That’s interesting because Spotify, obviously, own the customers now. They own the users. If you’re saying that the essence of the record labels was the A&R people thinking that they could choose music or understand the taste of the consumer, now the discover funnel actually lies with Spotify. How do you look at that shift in discovery and consumer data?

Spotify doesn’t make the music. They take the music that is made and make it available to a large number of consumers. There’s all sorts of statistical work that has been done on what does it look like, in terms of listens or sales? They do cluster at the top. What tends to happen and is happening, even today, is that music, basically, becomes stagnant. Everybody produces the music that was successful yesterday. It takes something to break away, to change the nature of what’s out there in the marketplace. I’m a true believer that you can keep doing that. You can keep moving with your consumer. Not that the consumer knows what they want, in a particular way, but there are ways of testing them and understanding whether you’ve got the right mix. That means you need to know who you’re trying to go after. Who controls that? Who knows that? Spotify knows that. Apple knows that.

Now, you’re captured again. I think that’s where the industry is. I think they are changing a bit; that doesn’t mean that they are not paying attention. A lot of A&R is now about looking at the charts of Apple and Spotify and looking at what’s moving and we’ll go get those people. We’ll convert them from indies to majors.

How do you look at the position of the labels, in the value chain, given that we’ve seen such a huge shift in usage and, arguably, the digital players owning the consumer?

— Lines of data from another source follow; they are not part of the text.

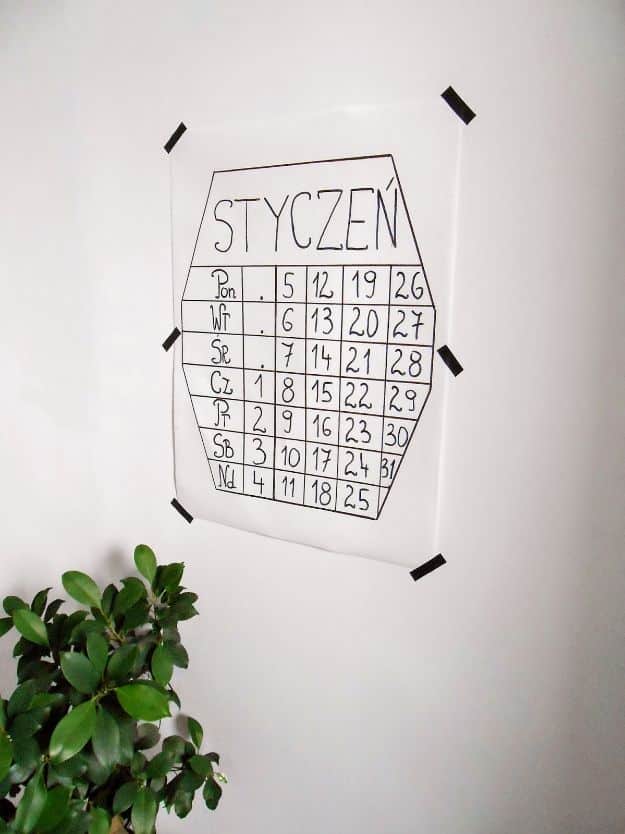 DIY Calendars - Super Simple DIY Calendar - Homemade Calender Ideas That Make Great Cheap Gifts for Christmas - Desk, Wall and Glass Dry Erase Organizing Calendar Projects With Step by Step Tutorials - Paint, Stamp, Magnetic, Family Planner and Organizer #diycalendar #diyideas #crafts #calendars #organizing #diygifts #calendars #diyideas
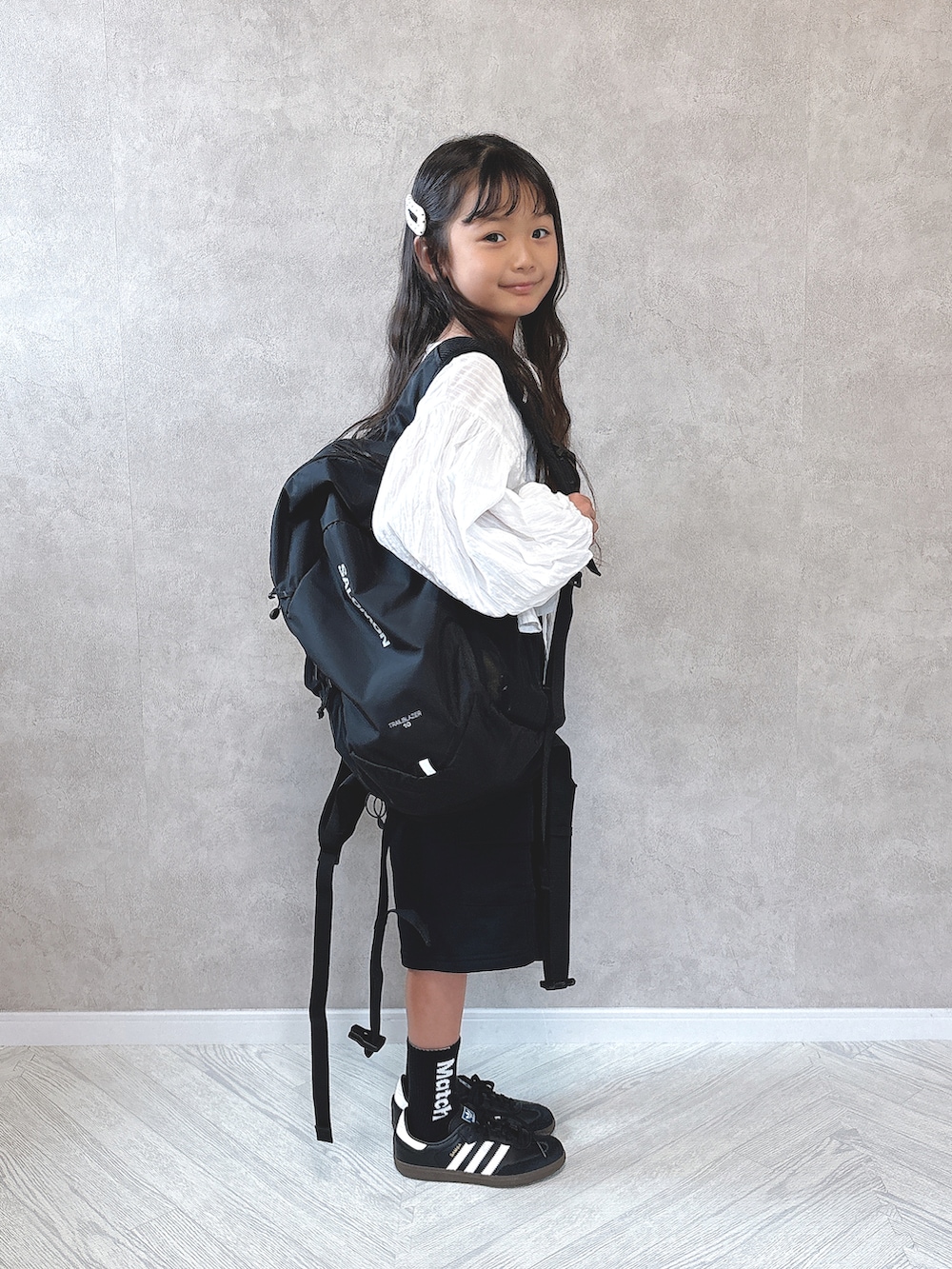 ブラック系のその他パンツ、ブラック系のスニーカー、ブラウン系のタンクトップを着用したキッズの秋コーディネートの5枚目の写真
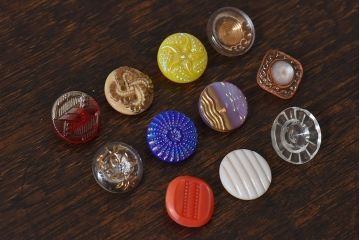 アンティーク雑貨　ビンテージ　チェコガラスボタン11個セット(2)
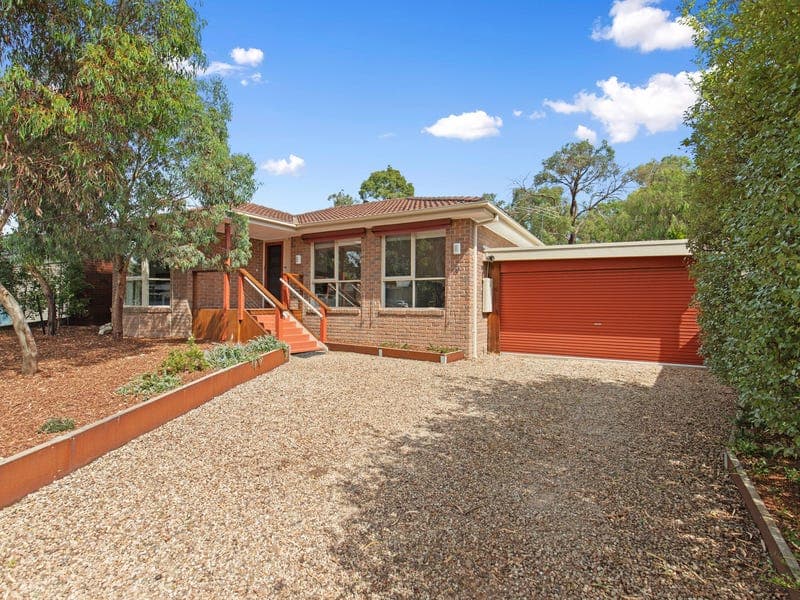 9 Hornsby Drive, Langwarrin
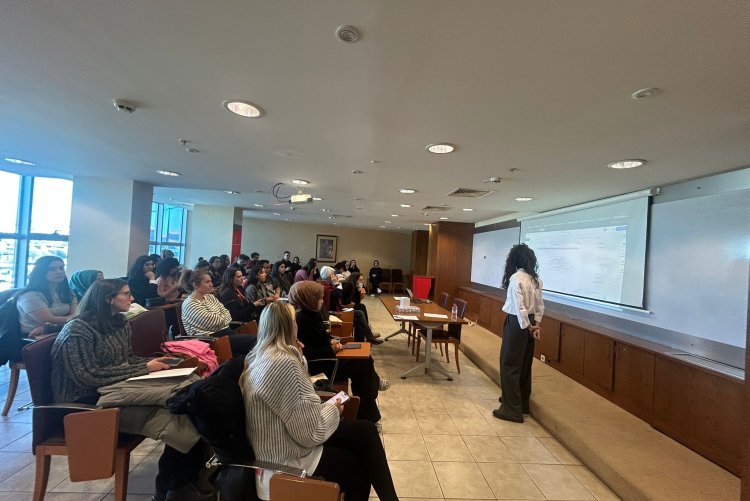 "Siber Zorbalık ve Diğer Çevrim İçi Tehlikeler: Okullar için Önleme Eğitimi"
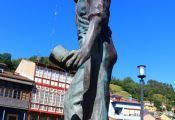 Monumento al Escanciador: visitar Mieres y no sentarse en la plaza de Requejo es un delito.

I don’t think it’s necessarily true that it is inevitable that the digital players, the subscription players and others, have a unique way of understanding. You can deal with these things, even though they do. But they have a strength. One of the things that Spotify is talking about, as part of their economics, going forward, is using that knowledge and charging the record companies.

The marketplace?

Yes.

How attractive do you see that, for the labels?

I think it’s just one more step to saying that the major record companies are going to lose market share. If Spotify can help somebody understand how to position and where to position their music, and be able to look at that in real time, that’s really what the role of a major record company is. Their economic advantage is that they have huge catalogues. Those catalogues, based upon the economics that they represent, have very, very high margins. They’re able to buy successful artists. Therefore, their market share can be retained, but their economics is dependent upon history, not the future.

What I think will happen and is happening, is that so-called independents will continue to grow. In this world, it’s interesting how we describe independents. Independents are ones who do their own A&R and they have their own economics. But most of them are captives of the major record companies, because they provide the capital to do what I’ve just said. I’m talking about non-captives. Just like what’s happening in the music publishing business, given how robust the music business is, at the moment, the investments will start to calm and there will be alternatives, with sufficient enough capital, to drive companies into being competitive.